Rabu, 27 Oktober 2010

Peran Perempuan Karo Dalam Gereja GBKP


Peran perempuan Karo dalam gereja GBKP sudah dimulai sejak awal berdirinya GBKP. Sekitar tahun 1940 sudah berkembang pergerakan perempuan Karo dengan nama Christelijke Meisjes Club Maju (CMCM). Pergerakan ini merupakan calon lahirnya perkumpulan pemuda seluruh GBKP yang disebut Permata, sedangkan perkumpulan/komisi kaum ibu yang disebut Moria secara resmi berdiri tahun 1950. Semangat pergerakan dan partisipasi kaum perempuan Karo tersebut dalam gereja GBKP memberikan sebuah motivasi dan teladan bagi masyarakat Karo untuk ikut berpartisipasi dan berperan dalam kemajuan gereja GBKP. Walaupun demikian, pada kenyataannya perempuan Karo seringkali kurang mendapat penghargaan, kepercayaan, dan dianggap tidak mampu menjalankan sebuah peran seperti seorang laki-laki dalam kehidupan gerejawi. Hal ini dipengaruhi oleh budaya patriarkal yang dianut oleh budaya Karo
                 Komisi kaum perempuan/ibu sudah berdiri sejak tahun 1950 lebih cepat 44 tahun dari komisi kaum bapak/laki-laki yang berdiri tahun 1994, namun sampai tahun 1976 belum ada satu pun pendeta perempuan yang ditahbiskan. Hal ini terjadi bukan karena tidak ada perempuan yang ingin menjadi pendeta, tetapi masih banyak keberatan dan pertimbangan dari pihak sinode dalam menerima seorang perempuan menjadi pendeta. Hal ini sungguh ironis, karena keberatan tersebut didasarkan bahwa perempuan lemah, tidak mampu memimpin, lebih banyak mengandalkan perasaan, gangguan dan gosip dari jemaat bila pendeta perempuan melayani dalam sebuah perkumpulan laki-laki, ditambah lagi pandangan adat bahwa perempuan seharusnya berada di dapur, di ladang, dan kurang cocok untuk menjadi pemimpin, apalagi mengambil keputusan dalam sebuah gereja.

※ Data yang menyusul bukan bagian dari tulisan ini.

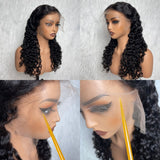 【Solo-Piece】Byebye Knots 13x6 HD Lace 20inch 150% Frontal Wig - Water Wave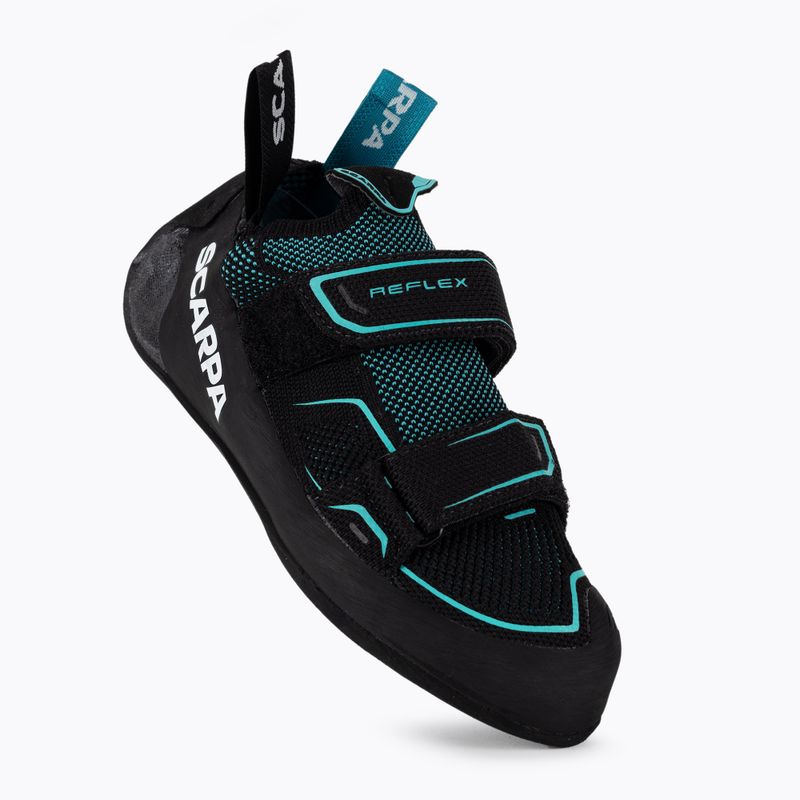 Взуття скелелазне жіноче SCARPA Reflex V чорно-блакитне 70067-002/1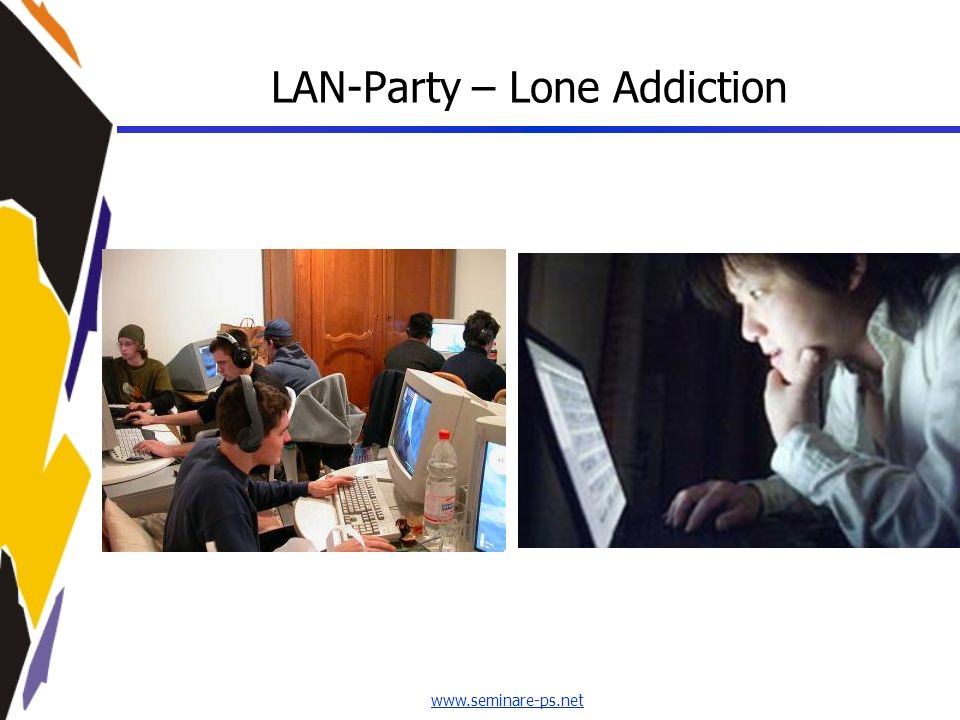 LAN-Party – Lone Addiction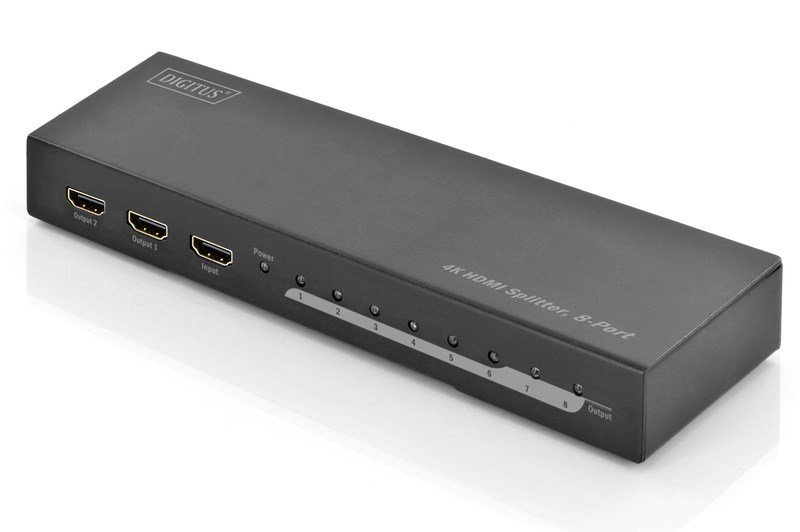 Digitus DS-43303 1 Giriş 8 Çıkış HDMI Çoklayıcı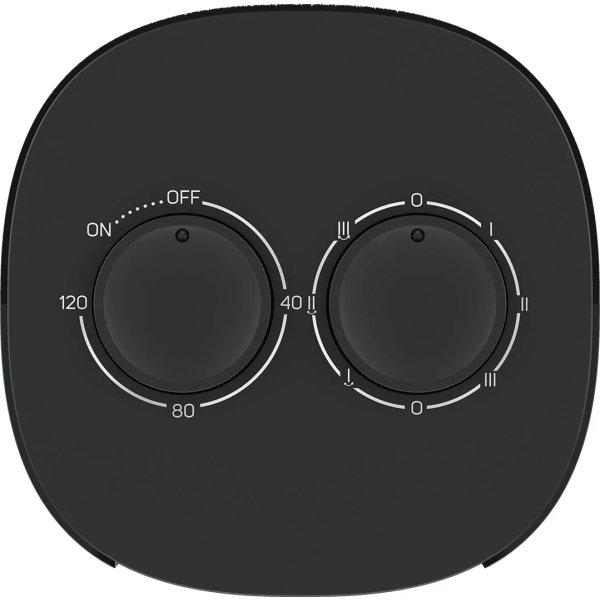 Taurus New Babel 76 cm tårnventilator, sort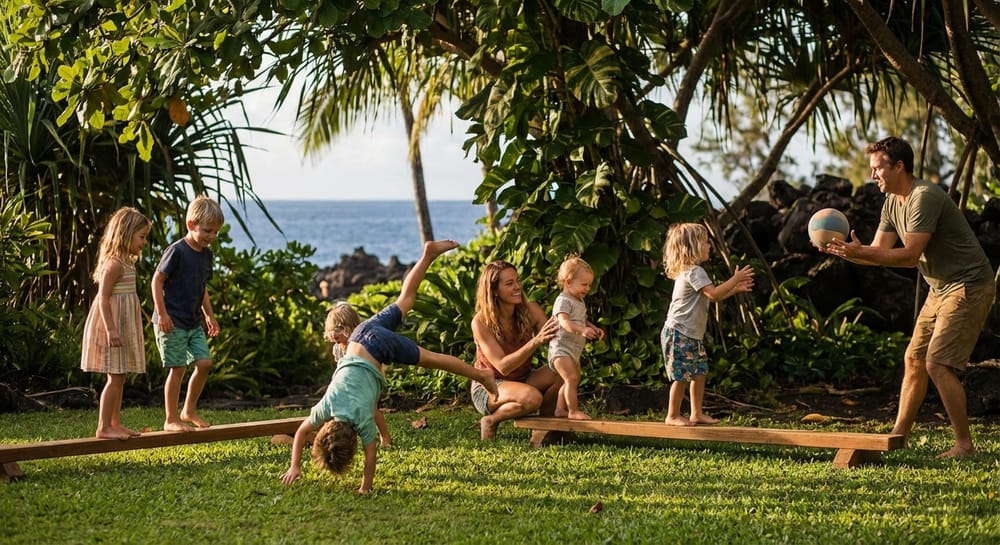 Hawaii Island atmosphere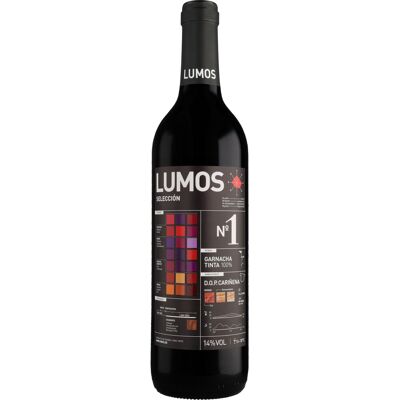 LUMOS No.1 Garnacha 2025 14% Vol. Rotwein Trocken aus Spanien LUMOS No.1 Garnacha 2025 14% Vol. Rotwein Trocken aus Spanien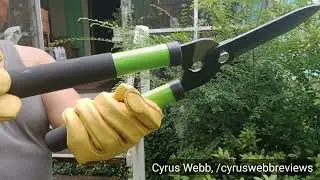 GARDEN GURU Hedge Shears Clippers for Trimming & Shaping Borders, Affordable hedge clippers for your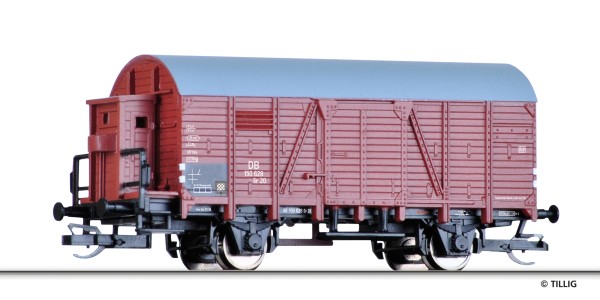 TT Güterwagen ged. Gr20 DB-III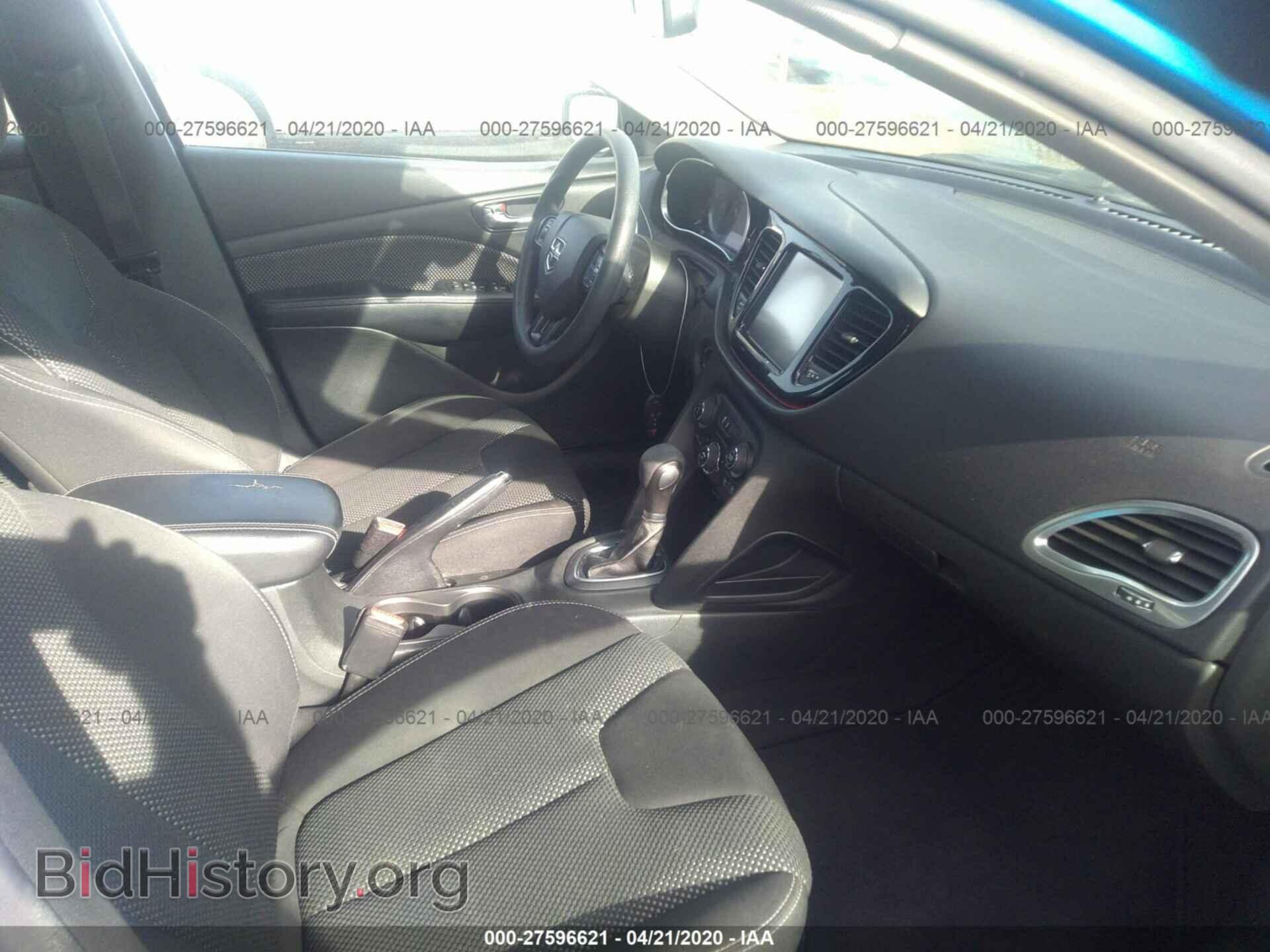 2015 DODGE DART - VIN: 1C3CDFBB4FD279168 - Фото 5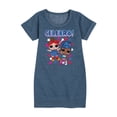 thumbnail image 1 of LOL Surprise! Americana - 4th of July - Celebr8! - Toddler & Youth Girls Fleece Dress, 1 of 5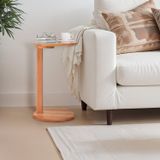 Mesa De Apoio Madeira Reflorestada Sabrina Natural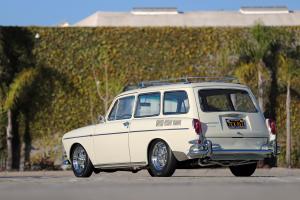 VW Typ 3 Variant USA Tuning Tieferlegung Felgen Karosserieteile Innenraum-Veredelung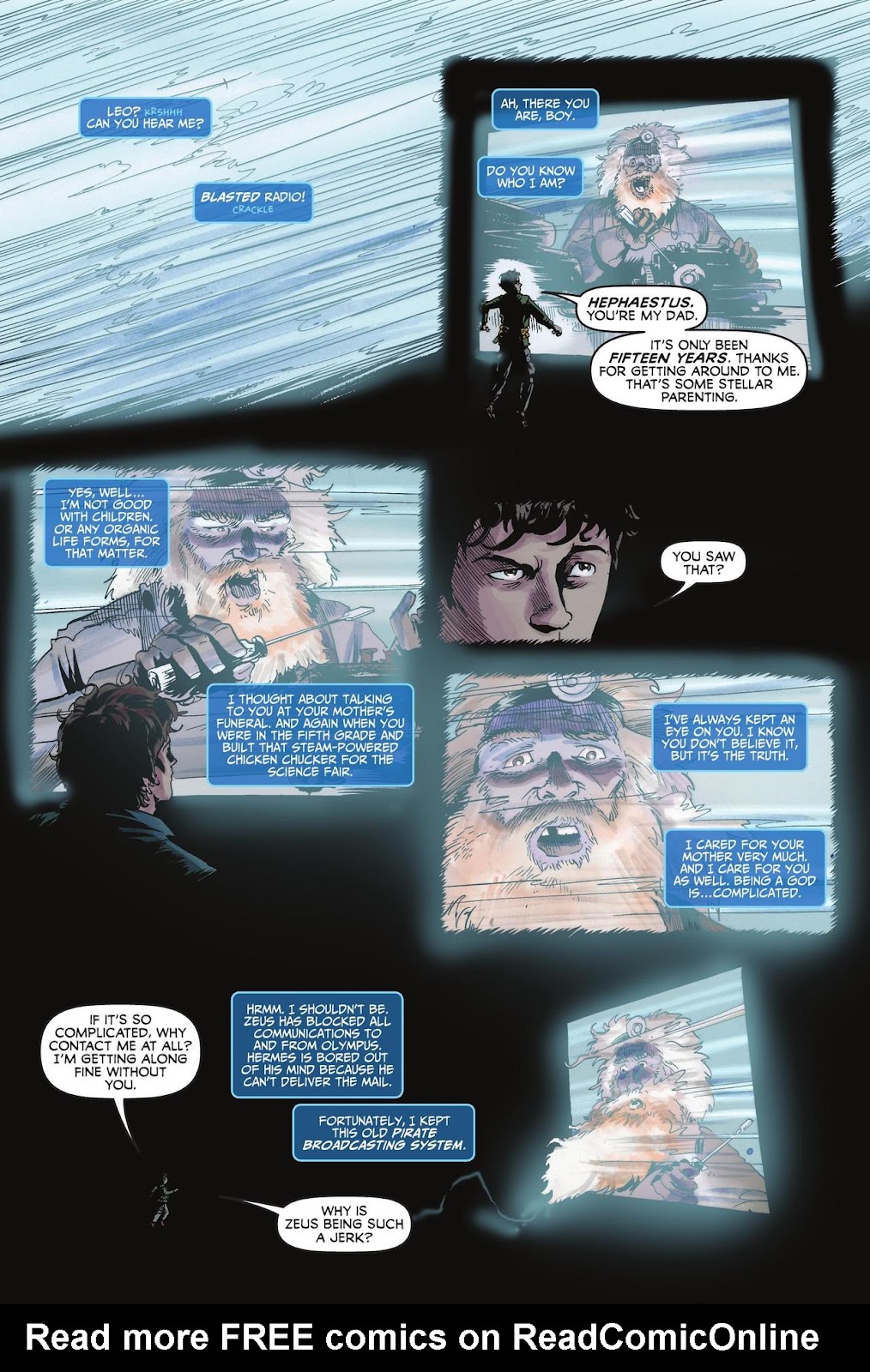 The Heroes of Olympus issue TPB 1 - Page 114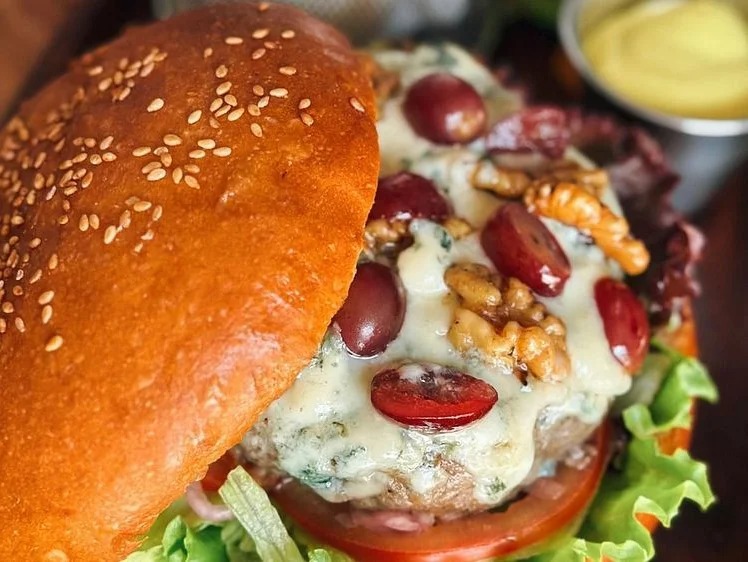 Blue Cheese Burger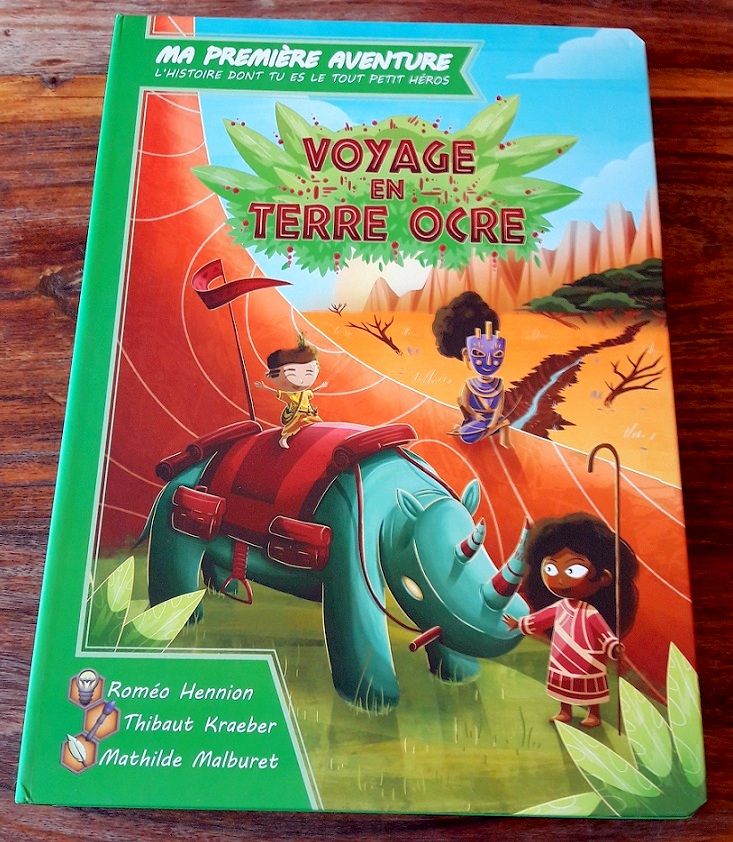 Ma Première Aventure - Voyage en Terre Ocre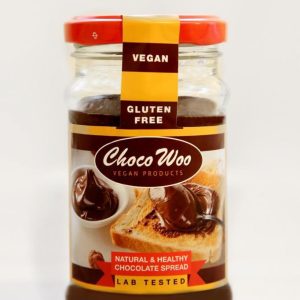 Natural healthy chocolate spread / celiac safe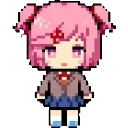 Natsuki sprite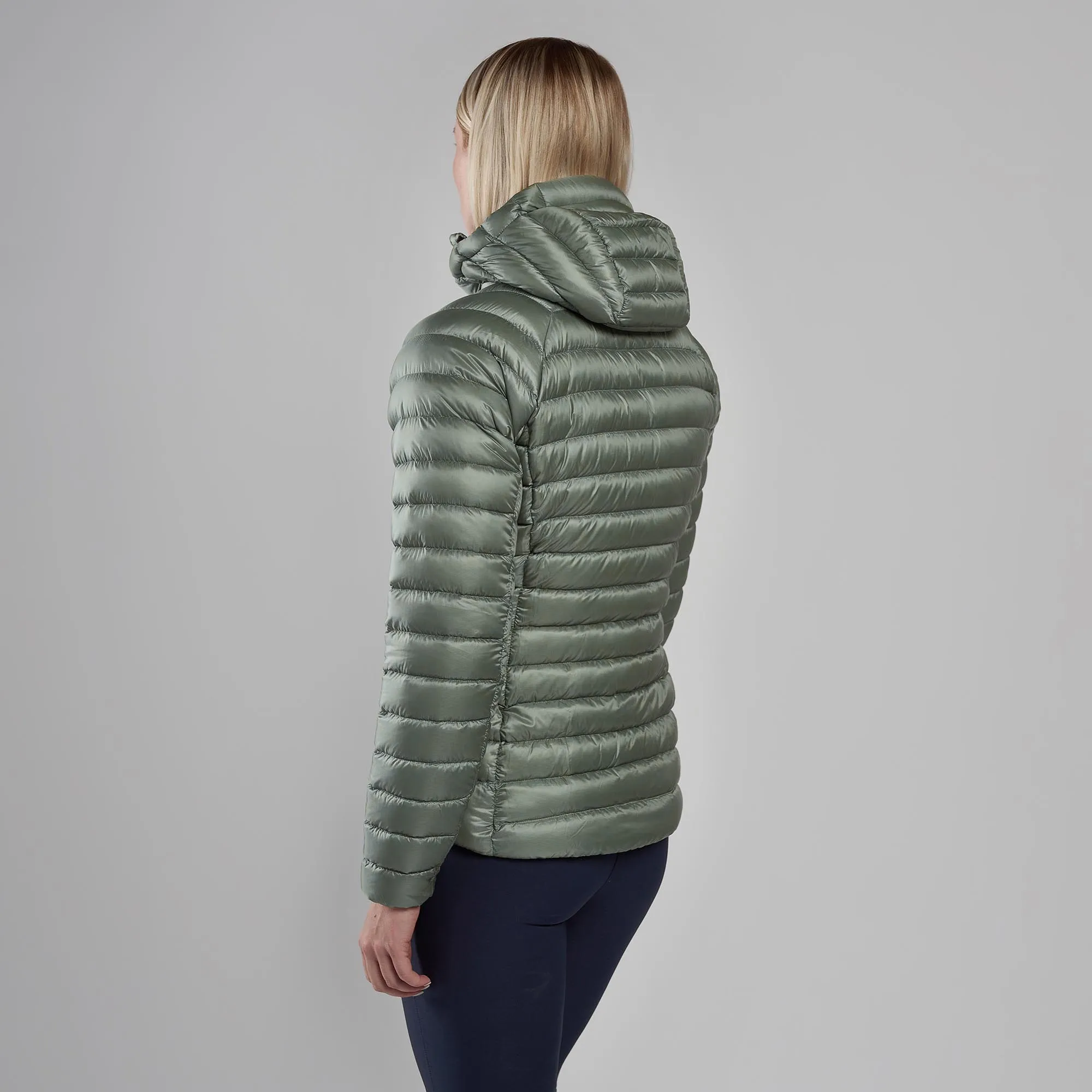 Montane Women's Anti-Freeze Hooded Down Jacket Montane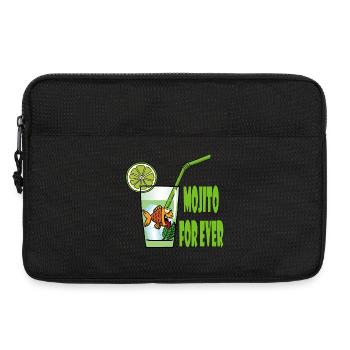 Mojito and goldfish - Laptop bag 13" - black - Front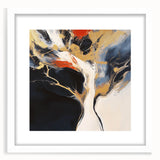 Contemporary Abstract Canvas – Bold Large Minimalist Wall Art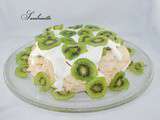 Pavlova aux kiwis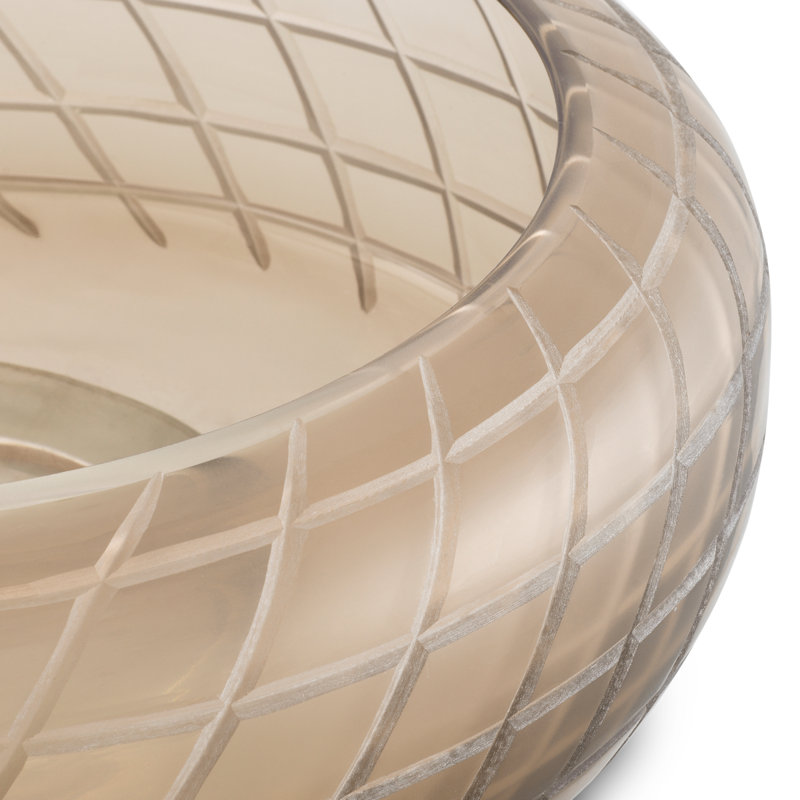 Glass Decorative Bowl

                 Pandangan-pandangan seperti ini juga tetap masih ada sampai saat ini, ketika sudah cukup banyak pendeta perempuan yang ditahbiskan. Mereka tetap diragukan untuk melakukan tanggung jawab yang besar dalam gereja. Hal ini tidak hanya terjadi pada pendeta perempuan, tapi juga jemaat ataupun majelis perempuan. Jabatan-jabatan yang dipegang oleh perempuan dalam gereja GBKP (mungkin juga gereja lain) selalu terkait antara sekretaris, bendahara, ataupun konsumsi. Hal ini secara tidak langsung menunjukkan bahwa perempuan masih diragukan untuk memimpin dalam gereja, tapi apakah pandangan itu benar? Tentu saja tidak. Sejarah telah membuktikkan kekuatan, semangat, dan keberanian perempuan dalam memimpin, mengambil keputusan, dan memegang tanggung jawab yang besar dalam gereja. Selain itu pandangan-pandangan miring tentang pendeta perempuan yang sebelumnya ditakutkan terjadi memang ada, namun sangat sedikit dibandingkan kasus yang terjadi pada pendeta laki-laki. Hal lain yang juga perlu kita adalah mengapa setiap tahun pendaftaran dan penerimaan mahasiswa teologi dari GBKP selalu didominasi oleh kaum perempuan? Dan mengapa perpecahan dan perebutan kekuasaan dan kepemimpinan dalam gereja lebih banyak terjadi disebabkan oleh dominasi laki-laki yang merasa kepemimpinannya yang paling benar?